In fact, it might pay off if you decide to wait for version 2. Microsoft Mesh for Teams allows users to create and use an avatar instead of running their webcams. These personal avatars come complete with facial expressions to convey reactions.

“It is unlikely that this will get the same level of engagement as others who use video in the meeting,” says Tim Banting, Omdia practice lead for the digital workplace. “Thus, Amedia believes that this feature is somewhat of a gimmick.”

However, he adds that some other use cases may appeal to organizations. However, there are other caveats that companies must consider when it comes to hands-on implementation.

“A specific headset, rather than a computer or mobile device, will be required to maximize the user experience,” Banting says. “With many organizations failing to provide business-quality external headphones and webcams to remote employees, organizations are unlikely to justify the cost of virtual reality equipment for regular employee meetings.”

Do you need to develop the skills of your IT workforce?

Many of the benefits of metaverse technology will already be available through existing technology vendors, such as Mesh for Microsoft Teams.
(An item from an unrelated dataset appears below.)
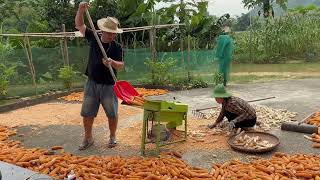 Hà Came To Help Hồng Separate The Corn Kernels After The Harvest Season.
Furthermore, Banting notes that in the world of consumer VR, “it’s pretty much a plug-and-play environment with easy setup.”

However, “Where things can get interesting is when companies want to create their own ‘branded’ metaverse. I expect this to be an advanced services opportunity for a new class of partners working alongside marketing.”

Understanding 3D is a rare skill today, Thopder said, so finding people who can develop with Unity or the Unreal Engine could be valuable. But it’s not something everyone will need to jump on right away.

What are the risks?

Think of the Internet. When those first websites came out in the ’90s, there was no way of knowing what lay ahead.

“Thirty years ago, who would have thought we would be here today with trolls, disinformation, hacking, and more,” says Nguyen. “The negative aspects we are talking about will be couched in what we understand today as security, privacy and ethics.”